Gemeinsam mit seinem Onkel hatte er kurz vor 4 Uhr bei der Bushaltestelle einer Kreisgemeinde auf einen Arbeitskollegen gewartet. Gemeinsam wollten sie zur Arbeit radeln, um zur Frühschicht anzutreten. „Aus einem Auto sprangen zwei Männer auf mich zu“, berichtete der junge Mann.

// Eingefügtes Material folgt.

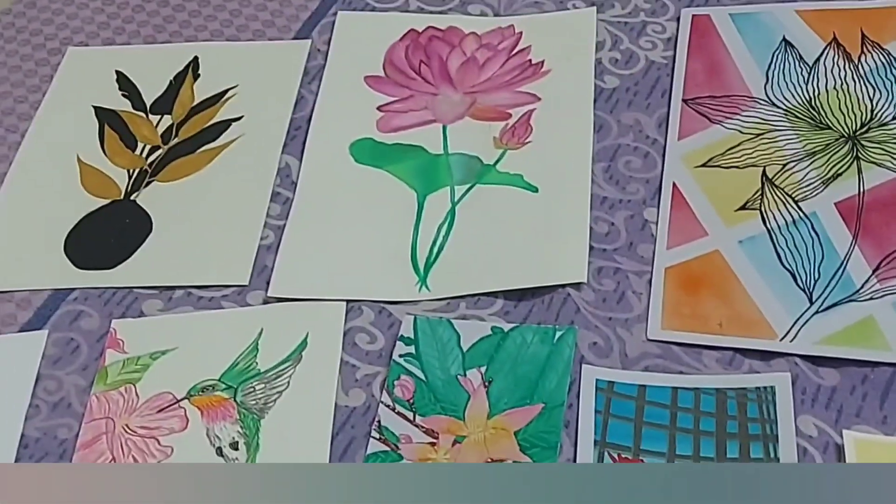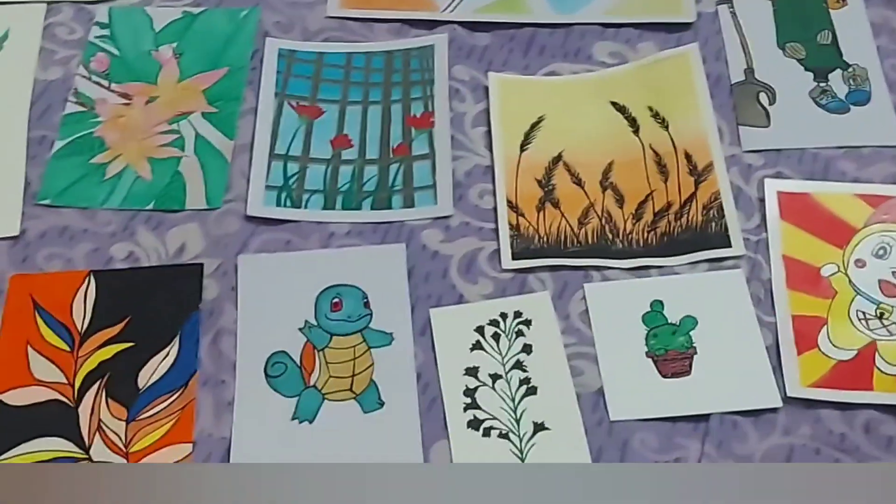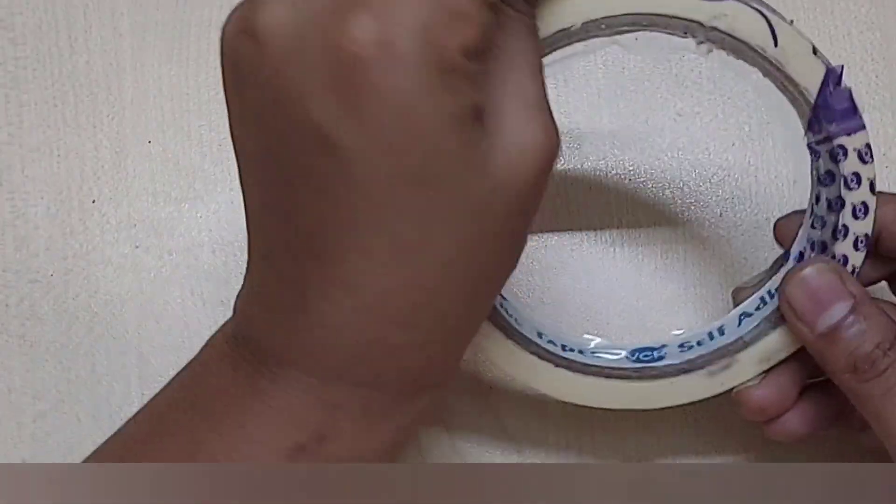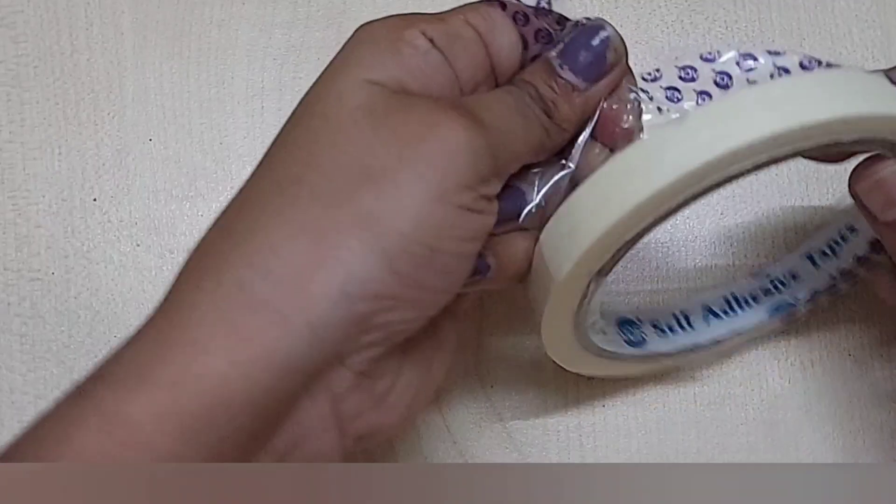I started with sorting out all of my paintings. These are all of them. Using this masking tape to stick them onto the wall. I got it from Amazon — I'll leave the link in the description.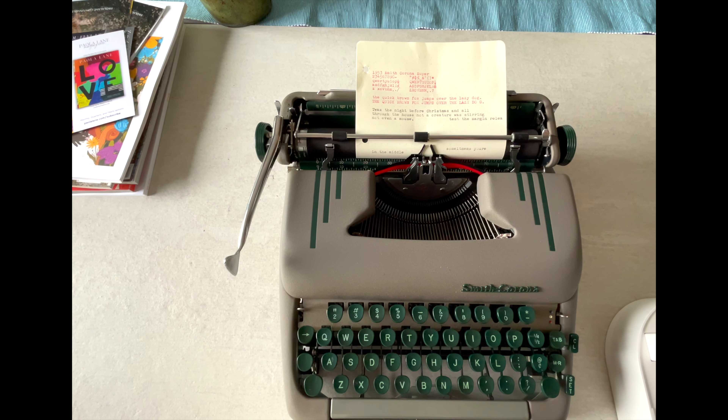That is the basics of the Smith Corona Super. Most typewriters are pretty much the same once you figure out one, but each one has its little nuances, and it's nice to have a tutorial for your specific typewriter. I hope this was helpful. If you've got one, get yours out and follow along. I appreciate you watching — please give us a thumbs up, subscribe to our channel, and leave any questions in the comments. I try to check them about once a month. Have a great day and happy typing!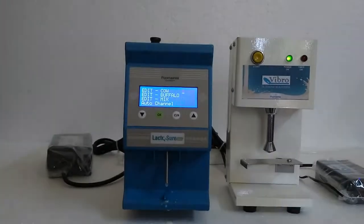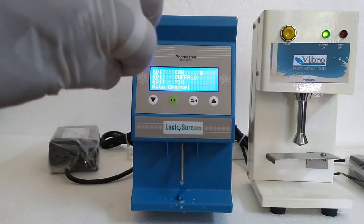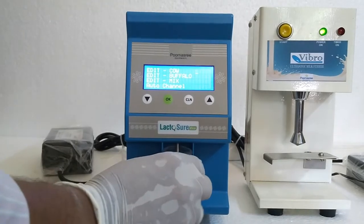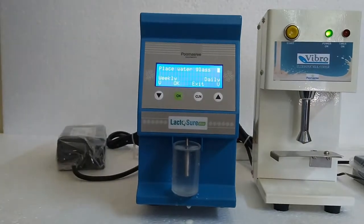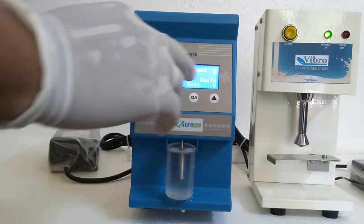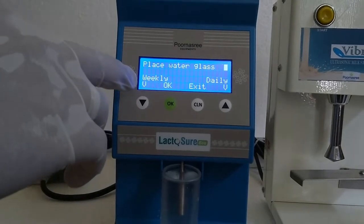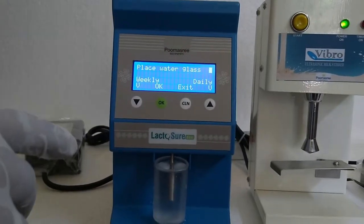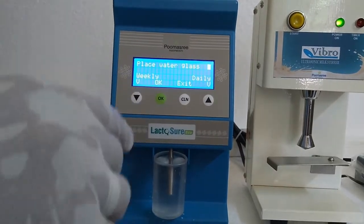Now let us see how to clean the analyzer. Take 20 ml of water inside the bottle and place it here, then press the clean button. The screen shows two types of cleaning: one is weekly and another is daily. For daily cleaning we use alkaline solution, and for weekly cleaning we use acid solution. Be careful when using acid, because it can damage the sensor. So we prefer alkaline solution for daily cleaning.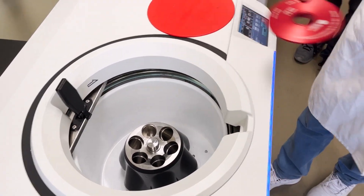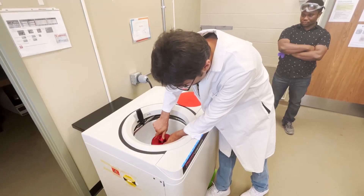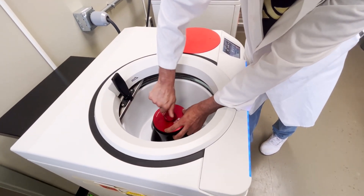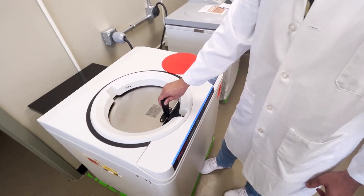Then you open it and put your sample in. Make sure this part is not loose — when you put your sample in, it should tighten all the way to the end. After you put your sample in, you close it.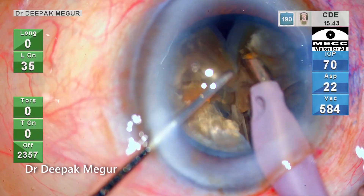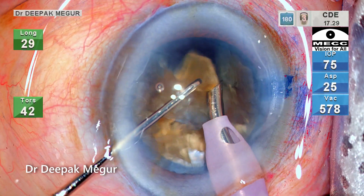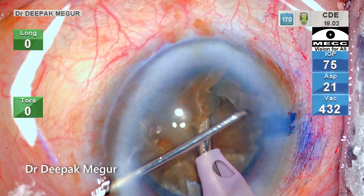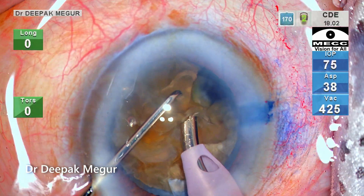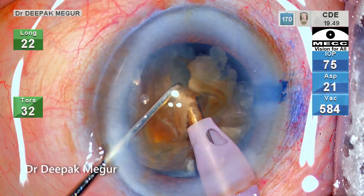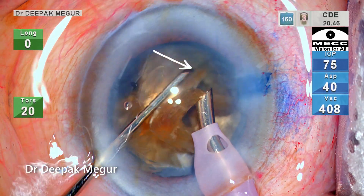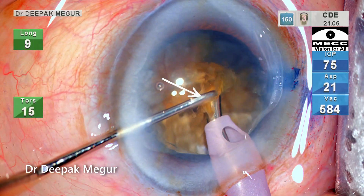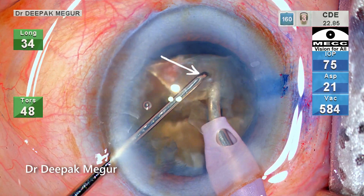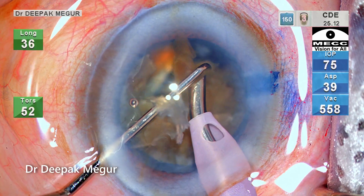The nucleus is divided into smaller fragments and now is the time to emulsify them. As the first piece is being emulsified, the second piece also escapes out of the bag — this is something unwanted. Ideally I would want only one piece out of the bag so that management is more controlled. When a second piece jumps out, which usually happens if the rhexis is bigger, there is a chance of it touching the endothelium. So I am using my chopper to prevent the pieces from coming anteriorly and hitting the endothelium.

Er erhielt einen Faustschlag ins Gesicht, der Fahrer des Fiat forderte „Geldbeutel! Handy!“. Der Hieb hatte ihn zu Boden geworfen. „Man hat mir den Rucksack weggezogen, Handy und Geldbeutel mit Papieren und knapp zwei Euro habe ich hergegeben“, erinnerte sich der 17-Jährige.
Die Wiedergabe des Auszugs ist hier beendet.